As you might know by now, this is misleading; Iran is suspected by some governments of having a nuclear weapons program, but there is no solid intelligence that such a program exists.
USA Today made a similar claim a few months ago; when FAIR activists wrote to the paper, it eventually got around to issuing a correction. But good luck figuring that out; the paper had originally claimed that new Iranian President Hassan Rouhani was “known for his negotiating skill over the country’s nuclear weapons program.” The paper’s correction read:
A June 17 story on Iranian President-elect Hassan Rouhani misstated his previous position. He was a negotiator over Iran’s nuclear program.
There’s basically no chance that any reader of the paper would have been able to know what was being corrected. But if the paper is actually interested in accuracy, they might want to run another correction.
They’re not the only ones who should consider clarifying the record. Here’s CBS Face the Nation host Bob Schieffer (9/22/13):
Rouhani says that Iran does not want and is not pursuing a nuclear weapon. Does anybody take that at face value?
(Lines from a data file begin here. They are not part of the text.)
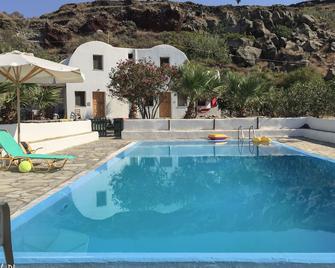 Siskosplace Elias Cottage, Oia Santorini - Oia - Piscina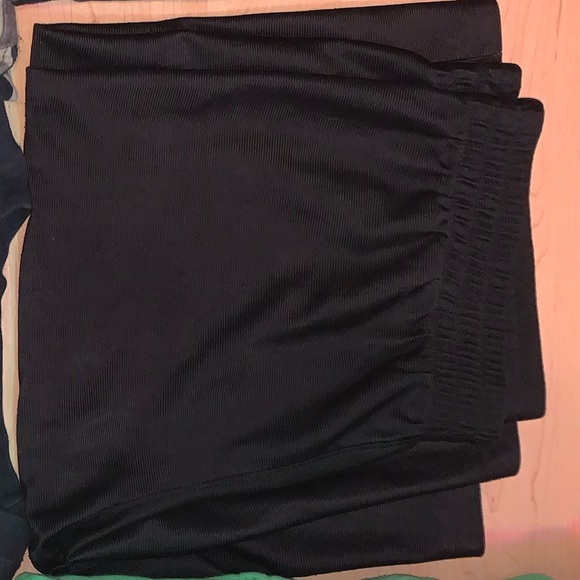 clothes - Picture 2 of 6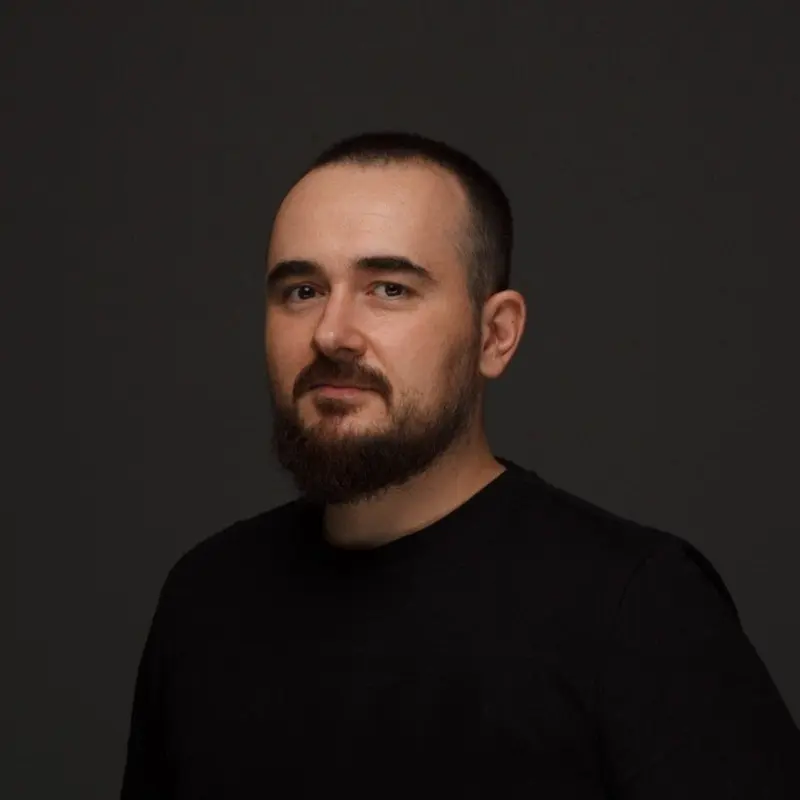 Сергей Комаров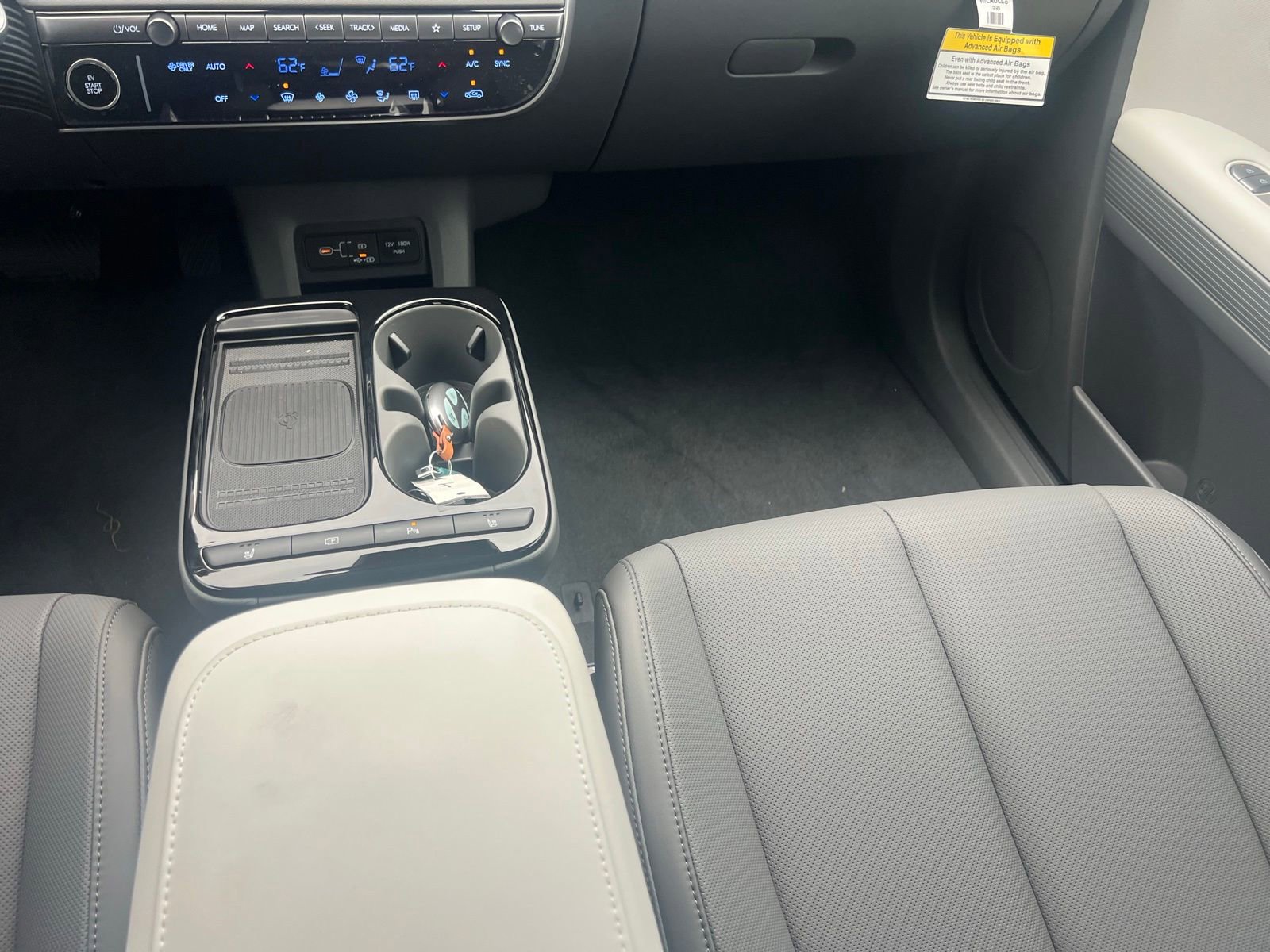 New 2026 Hyundai Ioniq 5 SEL RWD image 34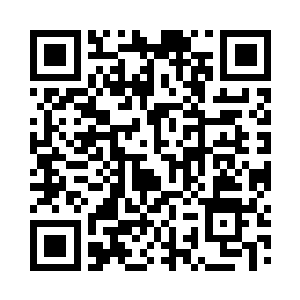 正在修葺虎尊的钟吾育也停下了手中的工作二维码生成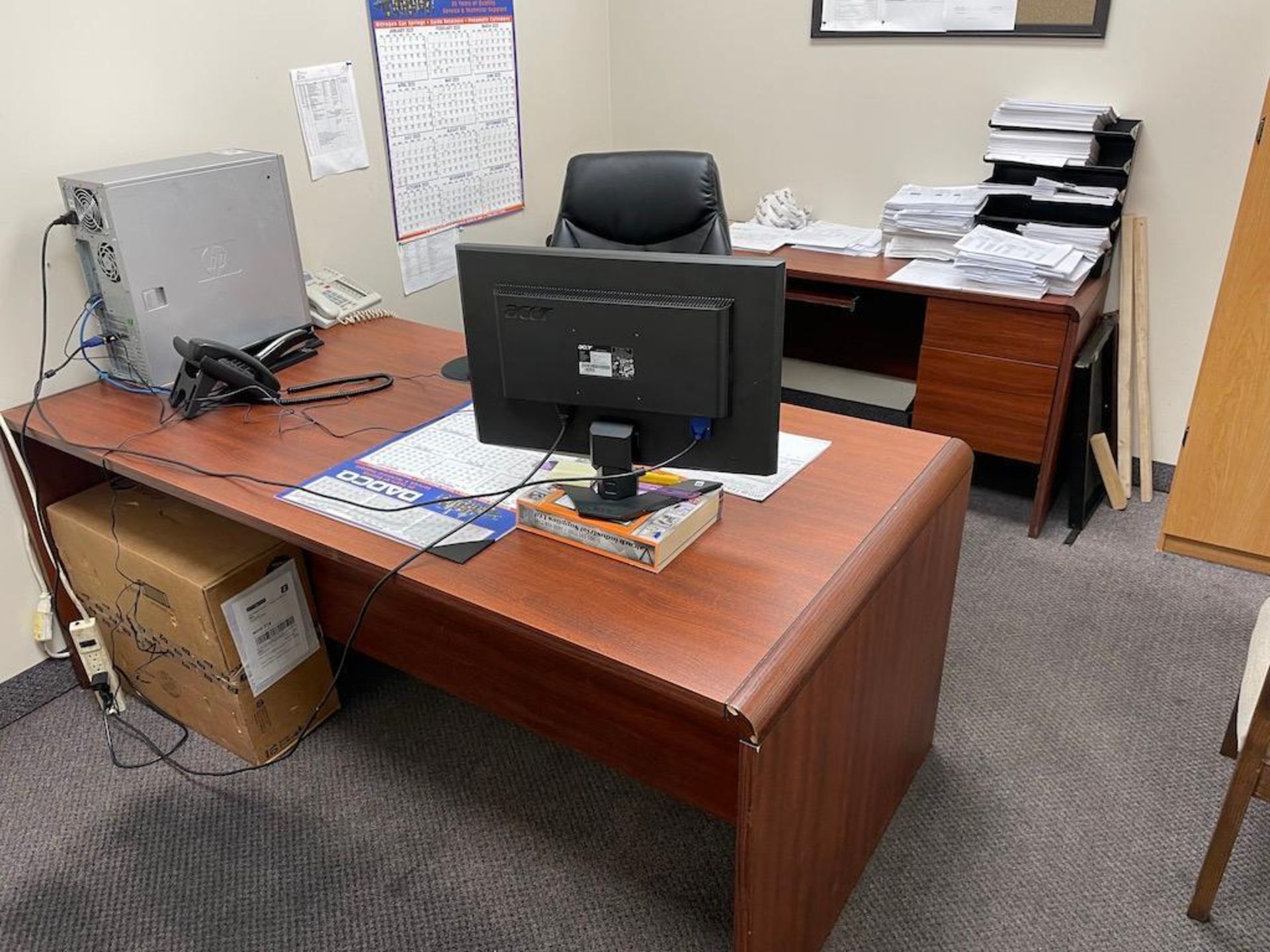 2 OFFICES INCLUDING: 7' X 3' EXEC. TABLE, REAR TABLE, FILE CABINET, 3 CHAIRS, 6'X3' TABLE, 6'X21" RE - Image 5 of 10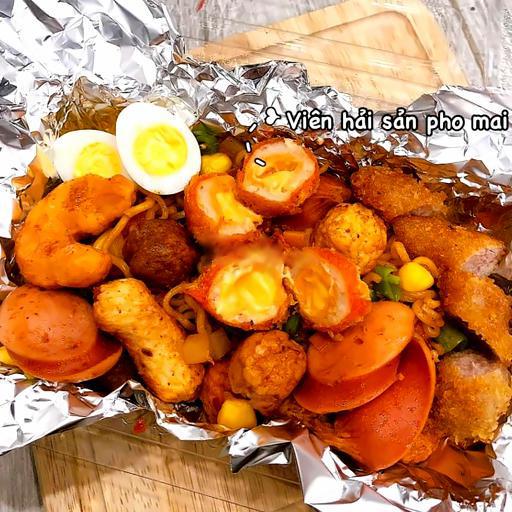 my-full-topping-nem-chua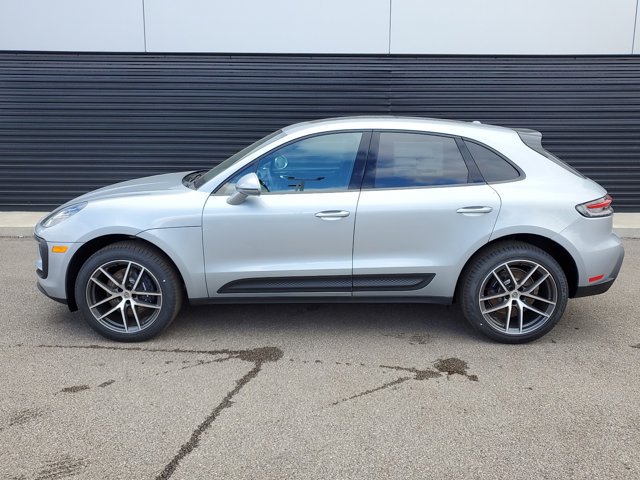 Used 2025 Porsche Macan AWD/4WD image 2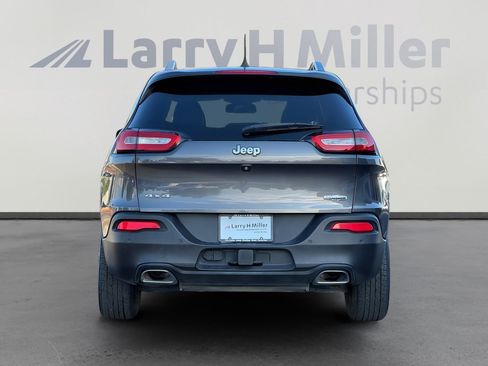 Used 2018 Jeep Cherokee Latitude Plus w/ Trailer Tow Group image 5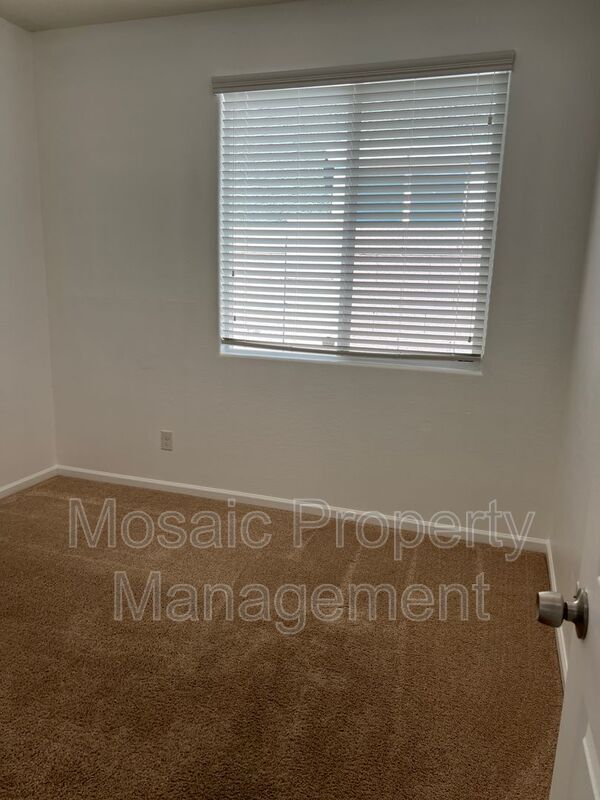 Building Photo - 3731 Aspen Ave
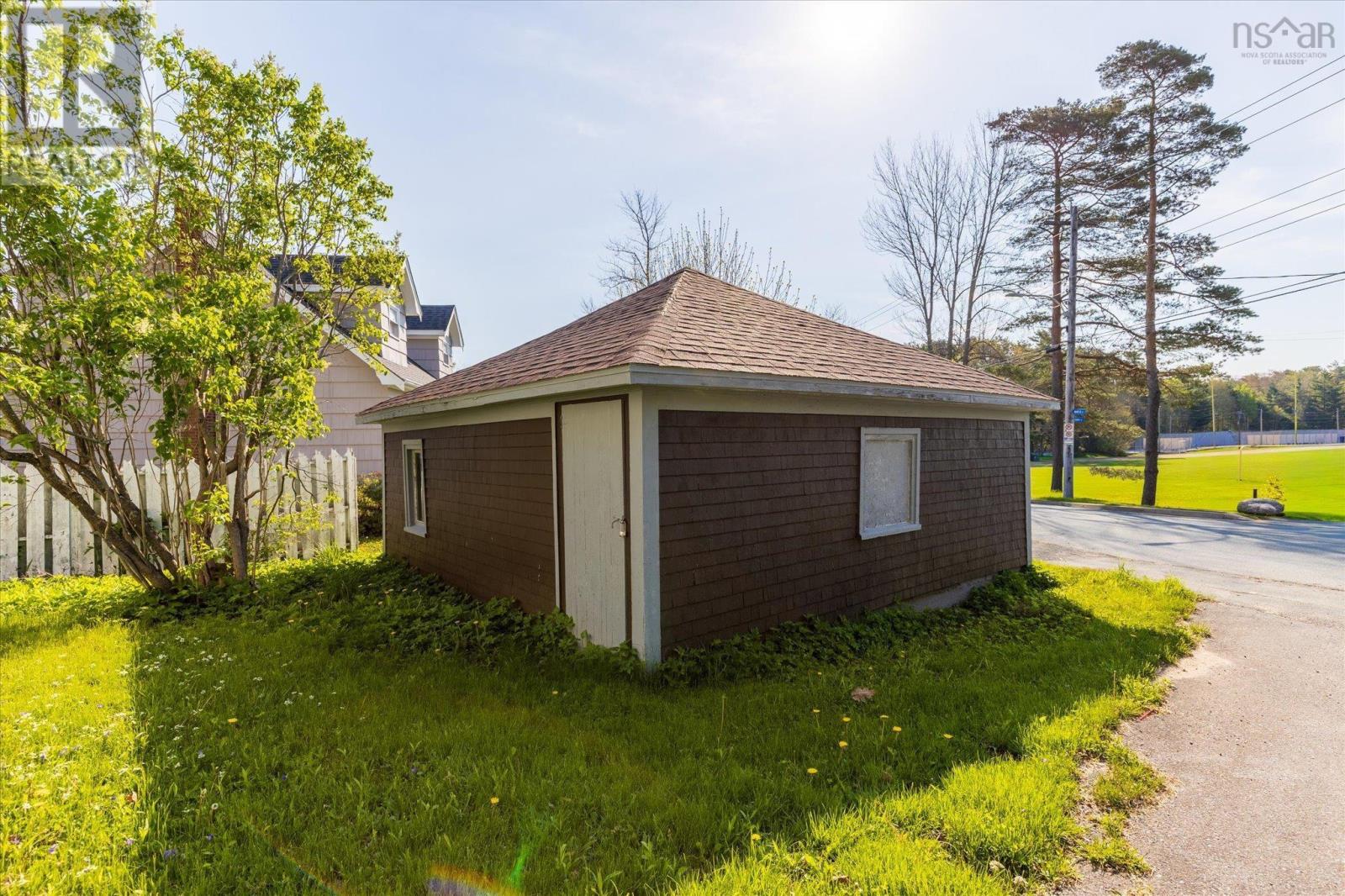 99 Dufferin Street - 36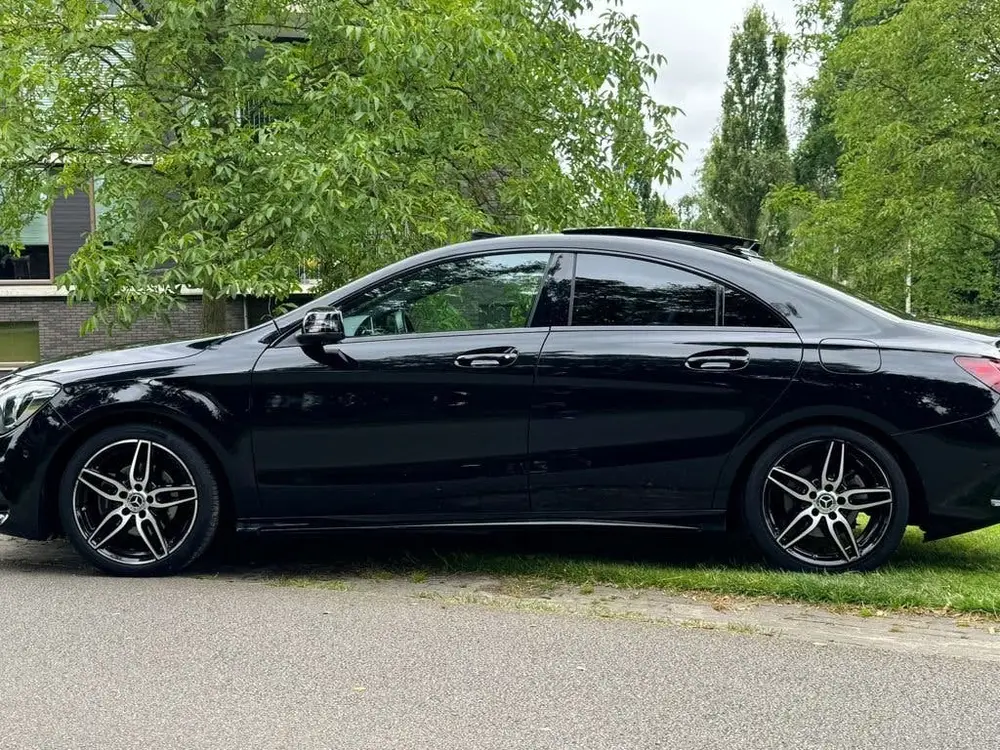 Mercedes-Benz CLA 180 AMG Line uit 2019, foto 2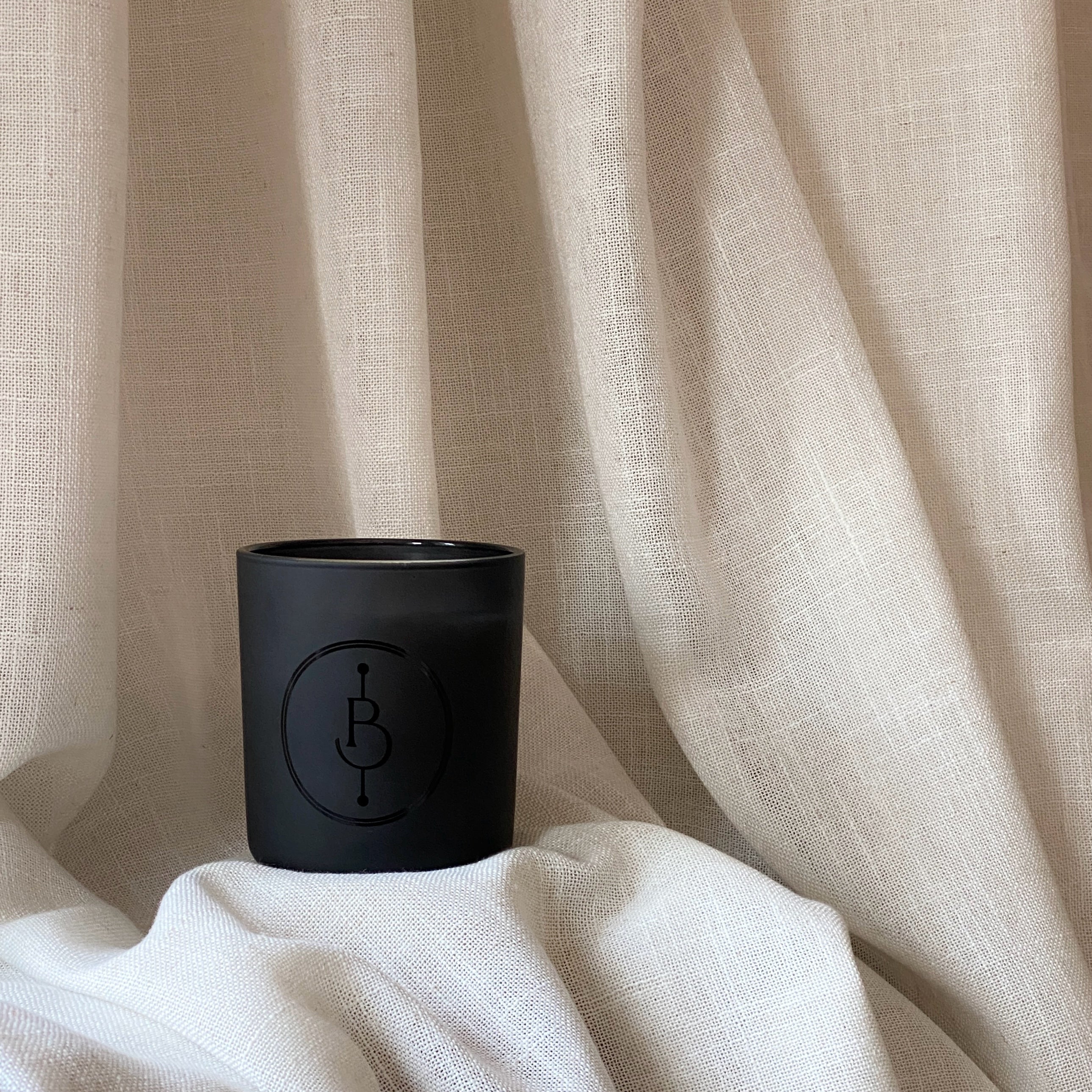 BONARIO GIFT | Premium Scented Candles - Oud & Teakwood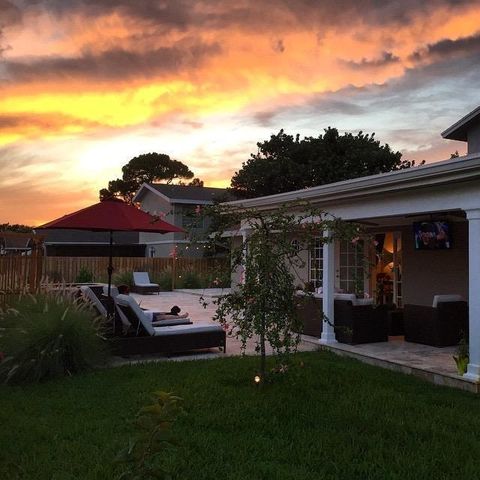 4610 Pinetree Drive, Delray Beach, FL 33445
Actually, the burden of proof should be the other way around: Politicians who claim that Iran has such a program should have to prove it. Schieffer obviously doesn’t see the world that way. He’s interviewed people like Israeli Prime Minister Benjamin Netanyahu and failed to challenge their claims about Iran’s weapons. Indeed, Schieffer presented them as facts, telling viewers about Iran’s “continuing effort to build a nuclear weapon” (FAIR Blog, 7/15/13).
So Schieffer is indeed skeptical of government claims. Iran‘s government, that is.